An observational study of 90 adults with advanced cancer receiving care in a UK specialist palliative care inpatient unit was conducted. Hydration status was assessed using BIVA in addition to assessments of symptoms, physical signs, performance status, renal biochemical measures, oral fluid intake and medications. The association of clinical variables with hydration was evaluated using regression analysis. A survival analysis was conducted to examine the influence of hydration status and renal failure.
The hydration status of participants was normal in 43 (47.8%), 'more hydrated' in 37 (41.1%) and 'less hydrated' in 10 (11.1%). Lower hydration was associated with increased symptom intensity (Beta = -0.29, p = 0.04) and higher scores for physical signs associated with dehydration (Beta = 10.94, p = 0.02). Higher hydration was associated with oedema (Beta = 2.55, p<0.001). Median survival was statistically significantly shorter in 'less hydrated' patients (44 vs. 68 days; p = 0.049) and in pre-renal failure (44 vs. 100 days; p = 0.003).

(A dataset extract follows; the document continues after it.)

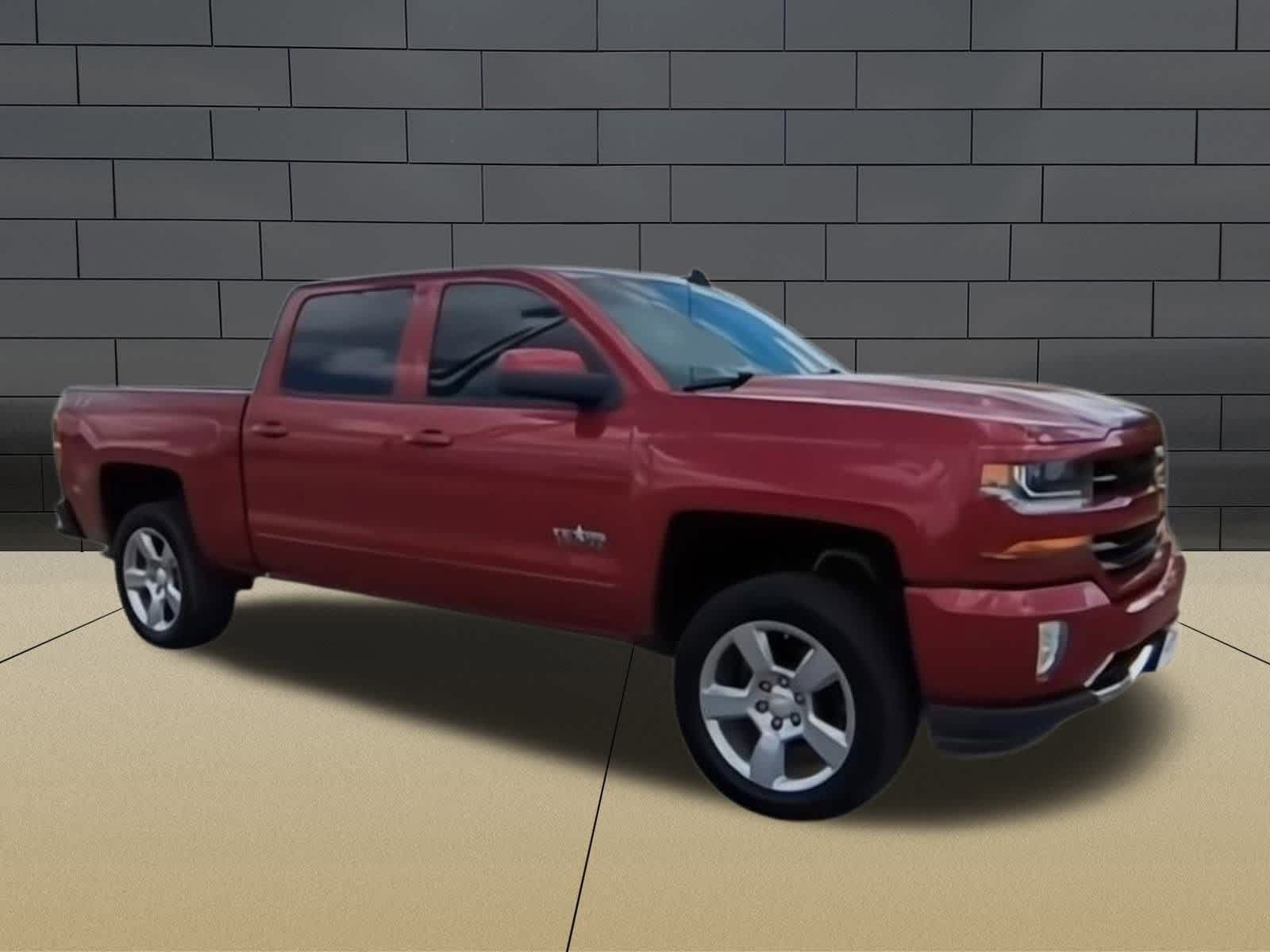 2018 Chevrolet Silverado 1500 LT photo 2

In advanced cancer, hydration status was associated with clinical signs and symptoms. Hydration status and pre-renal failure were independent predictors of survival. Further studies can establish the utility of BIVA as a standardised hydration assessment tool and explore its potential research application, in order to inform the clinical management of fluid balance in patients with advanced cancer.
晚期癌症患者的补液是一个存在争议的领域;然而,目前的补液评估方法尚不完善。生物电阻抗矢量分析(BIVA)是一种准确的补液评估工具;但其在晚期癌症中的应用尚未得到探索。本研究使用BIVA评估晚期癌症患者的补液状态,以探讨液体状态与症状、体征、肾脏生化指标及生存之间的关联。
对英国一家专科姑息治疗住院单元中90例接受治疗的晚期癌症成年患者进行了一项观察性研究。除了评估症状、体征、体能状态、肾脏生化指标、口服液体摄入量和药物外,还使用BIVA评估补液状态。采用回归分析评估临床变量与补液之间的关联。进行生存分析以探讨补液状态和肾衰竭的影响。
43例(47.8%)参与者的补液状态正常,37例(41.1%)“补液过多”,10例(11.1%)“补液不足”。补液不足与症状强度增加相关(β=-0.29,p=0.04),与脱水相关体征的得分更高相关(β=10.94,p=0.02)。补液过多与水肿相关(β=2.55,p<0.001)。“补液不足”患者的中位生存期在统计学上显著缩短(44天对68天;p=0.049),肾衰竭患者也是如此(44天对100天;p=0.003)。
在晚期癌症中,补液状态与临床体征和症状相关。补液状态和肾衰竭是生存的独立预测因素。进一步的研究可以确定BIVA作为标准化补液评估工具的效用,并探索其潜在的研究应用,以便为晚期癌症患者液体平衡的临床管理提供依据。